Still, I am avoiding saying I am "unmotivated" because I am not sure that actually describes what I am feeling. I have a lot motivators, a lot of passion, and a lot of ideas and reasons to want to get these tasks done. I am ambitious. I want to work professionally in changing that damn world, I might want to be an elected one day. And all grandiose thinking doesn't even scare me, it invigorates and energizes and excites me.


But then I think about simply calling the dentist and boom pang of anxiety. I think about opening my lab excel sheets for class and boom heart racing. I think about actually applying for these jobs or getting my haircut or sitting down to write or finishing my research project or even just simply attending a fucking zoom meeting and BOOM my muscles tense, my airway constricts, and suddenly the notion of getting my body to do anything beyond laying in bed is laughable.


I have for years struggled with anxious moments and depressive episodes... and honestly I think that might just be par for the course for a generation of young folx who were born into a world at that is perpetually at war, perpetually on fire, and perpetually blaming you for the fuck ups of those decades older than you. But even then I don't think I can blame the world for this one.

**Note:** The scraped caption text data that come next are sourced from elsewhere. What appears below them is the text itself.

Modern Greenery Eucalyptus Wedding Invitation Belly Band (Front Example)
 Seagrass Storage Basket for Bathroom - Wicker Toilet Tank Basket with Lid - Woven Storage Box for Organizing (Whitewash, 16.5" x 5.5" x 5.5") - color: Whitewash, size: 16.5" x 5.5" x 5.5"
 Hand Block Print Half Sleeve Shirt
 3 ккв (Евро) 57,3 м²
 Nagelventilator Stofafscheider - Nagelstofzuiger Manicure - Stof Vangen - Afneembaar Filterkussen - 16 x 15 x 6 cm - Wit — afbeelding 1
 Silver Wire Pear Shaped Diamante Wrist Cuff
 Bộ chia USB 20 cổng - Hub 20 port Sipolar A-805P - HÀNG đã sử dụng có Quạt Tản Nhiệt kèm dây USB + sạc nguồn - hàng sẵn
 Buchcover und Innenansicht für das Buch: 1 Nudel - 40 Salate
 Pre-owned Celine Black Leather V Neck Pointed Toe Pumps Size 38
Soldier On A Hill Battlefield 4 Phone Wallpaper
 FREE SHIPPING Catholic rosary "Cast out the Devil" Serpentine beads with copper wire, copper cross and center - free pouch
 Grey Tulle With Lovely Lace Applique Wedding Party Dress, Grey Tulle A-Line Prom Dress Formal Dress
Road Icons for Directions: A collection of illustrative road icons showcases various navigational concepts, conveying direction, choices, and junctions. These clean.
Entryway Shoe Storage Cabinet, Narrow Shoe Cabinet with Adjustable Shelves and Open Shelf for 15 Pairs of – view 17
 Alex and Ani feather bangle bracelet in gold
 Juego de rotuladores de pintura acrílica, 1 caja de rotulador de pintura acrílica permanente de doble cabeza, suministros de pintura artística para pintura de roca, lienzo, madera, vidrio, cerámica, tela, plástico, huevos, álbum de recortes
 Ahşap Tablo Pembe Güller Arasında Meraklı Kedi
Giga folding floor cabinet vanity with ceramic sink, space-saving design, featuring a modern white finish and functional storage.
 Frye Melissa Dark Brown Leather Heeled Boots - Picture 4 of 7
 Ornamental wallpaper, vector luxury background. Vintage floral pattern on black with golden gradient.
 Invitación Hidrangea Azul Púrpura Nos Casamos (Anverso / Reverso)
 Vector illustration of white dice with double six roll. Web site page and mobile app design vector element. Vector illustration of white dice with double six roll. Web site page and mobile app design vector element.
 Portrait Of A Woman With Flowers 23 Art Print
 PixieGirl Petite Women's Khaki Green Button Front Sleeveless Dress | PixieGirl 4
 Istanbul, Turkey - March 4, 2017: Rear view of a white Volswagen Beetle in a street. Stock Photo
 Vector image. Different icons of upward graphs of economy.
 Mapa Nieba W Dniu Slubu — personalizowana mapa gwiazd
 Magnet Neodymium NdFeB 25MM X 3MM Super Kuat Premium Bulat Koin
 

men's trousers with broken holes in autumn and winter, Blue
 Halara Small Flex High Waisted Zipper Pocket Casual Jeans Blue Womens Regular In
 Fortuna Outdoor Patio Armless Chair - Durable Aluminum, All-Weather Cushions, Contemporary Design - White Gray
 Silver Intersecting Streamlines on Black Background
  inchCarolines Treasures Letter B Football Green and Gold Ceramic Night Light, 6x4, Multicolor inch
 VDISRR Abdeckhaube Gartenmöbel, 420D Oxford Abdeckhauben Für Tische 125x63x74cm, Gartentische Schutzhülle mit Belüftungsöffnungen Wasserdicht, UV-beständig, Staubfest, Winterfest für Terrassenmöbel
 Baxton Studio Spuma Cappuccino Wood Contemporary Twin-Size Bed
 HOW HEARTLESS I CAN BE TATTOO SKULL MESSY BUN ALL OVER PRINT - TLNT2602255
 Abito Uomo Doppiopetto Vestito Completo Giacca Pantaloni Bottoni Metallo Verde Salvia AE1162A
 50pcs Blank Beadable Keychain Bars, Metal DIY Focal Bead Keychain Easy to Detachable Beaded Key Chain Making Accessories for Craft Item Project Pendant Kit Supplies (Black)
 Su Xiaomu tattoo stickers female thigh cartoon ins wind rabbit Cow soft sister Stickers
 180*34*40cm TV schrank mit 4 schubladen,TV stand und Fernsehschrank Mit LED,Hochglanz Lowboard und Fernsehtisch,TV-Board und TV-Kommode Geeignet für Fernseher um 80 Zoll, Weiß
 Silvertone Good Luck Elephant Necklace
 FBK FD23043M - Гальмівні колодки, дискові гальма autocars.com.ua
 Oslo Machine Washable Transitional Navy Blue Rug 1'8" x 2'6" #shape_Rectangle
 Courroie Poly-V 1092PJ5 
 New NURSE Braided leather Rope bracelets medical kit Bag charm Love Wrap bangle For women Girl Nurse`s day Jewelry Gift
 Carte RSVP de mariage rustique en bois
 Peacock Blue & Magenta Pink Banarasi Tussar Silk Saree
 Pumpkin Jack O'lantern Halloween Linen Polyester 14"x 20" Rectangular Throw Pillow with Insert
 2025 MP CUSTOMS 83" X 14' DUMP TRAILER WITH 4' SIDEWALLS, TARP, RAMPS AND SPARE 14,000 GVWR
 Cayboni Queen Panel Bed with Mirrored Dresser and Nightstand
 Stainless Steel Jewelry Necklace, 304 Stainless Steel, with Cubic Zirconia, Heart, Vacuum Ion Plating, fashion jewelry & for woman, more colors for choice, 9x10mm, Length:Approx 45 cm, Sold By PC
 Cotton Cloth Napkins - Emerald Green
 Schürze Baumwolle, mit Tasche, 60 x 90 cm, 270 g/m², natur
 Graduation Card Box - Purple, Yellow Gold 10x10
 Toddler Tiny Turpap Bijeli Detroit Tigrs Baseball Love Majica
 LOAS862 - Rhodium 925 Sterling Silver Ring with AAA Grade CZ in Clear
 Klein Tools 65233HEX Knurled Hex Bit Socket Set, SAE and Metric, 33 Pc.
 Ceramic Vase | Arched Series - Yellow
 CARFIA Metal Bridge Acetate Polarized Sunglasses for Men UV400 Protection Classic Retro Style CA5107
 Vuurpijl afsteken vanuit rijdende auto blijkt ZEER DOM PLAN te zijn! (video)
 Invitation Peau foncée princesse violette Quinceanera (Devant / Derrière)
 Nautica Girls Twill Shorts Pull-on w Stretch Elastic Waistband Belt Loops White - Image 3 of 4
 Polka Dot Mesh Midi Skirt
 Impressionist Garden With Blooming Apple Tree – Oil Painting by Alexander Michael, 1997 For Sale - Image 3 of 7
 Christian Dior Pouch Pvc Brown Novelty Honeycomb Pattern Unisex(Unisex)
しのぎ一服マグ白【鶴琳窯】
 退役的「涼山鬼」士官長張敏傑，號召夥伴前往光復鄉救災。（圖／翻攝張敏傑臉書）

Climate change terrifies me, the disillusion of democratic institutions pisses me off, and the economy being more exploitive and polarized today than it was when children were still used in factories because their small hands fit in the machines better depresses me. But those aren't what am I thinking about or feeling when I try to do these often simple tasks.


This problem is obviously personal and here I am posting publicly about it but I think it is also a relatable problem. I think this anxious paralysis knows no age and is experienced by far more people than conversations might let on. So I guess I am posting this to say, hey... me too?


Again, I don't know if that helps to know others struggle too and there sadly is not some powerful and sweeping call to action at the end of this post that will fix these genuine quality of life questions. But I also personally have never really put words to what I have been feeling, and just doing that has made me feel a little better.


So this isn't me suddenly committing to a 180 and forcing myself into a strict regiment (I have tried and failed at that so many times). I am not suddenly promising one post a day or setting a hard deadline for the intimidating to do list, instead I am just going to start trying.


Which feels weird to say because it suggests I wasn't trying before, and I promise I was... or at least I thought I was. But now I think I am going to try differently?


I was more productive today than I have been in weeks. I managed to do it while I was (and likely because I was) sitting in a coffee shop. I think environments matter, I think doing things that make you feel good WHILE doing the things which stress you out matters, and I think acknowledging when things have gone to far matters too,


I have been absent without leave from adulting for much too long... maybe for as long as I have technically been an adult. And while it would be way too much pressure and honesty foolhardy to suggest that I make my way back to basecamp tomorrow, I guess I gotta start heading back at some point so this post is my first attempt to find my way back.

Tonight's selection pairs best with a glass of water, because you probably haven't drank enough of it today.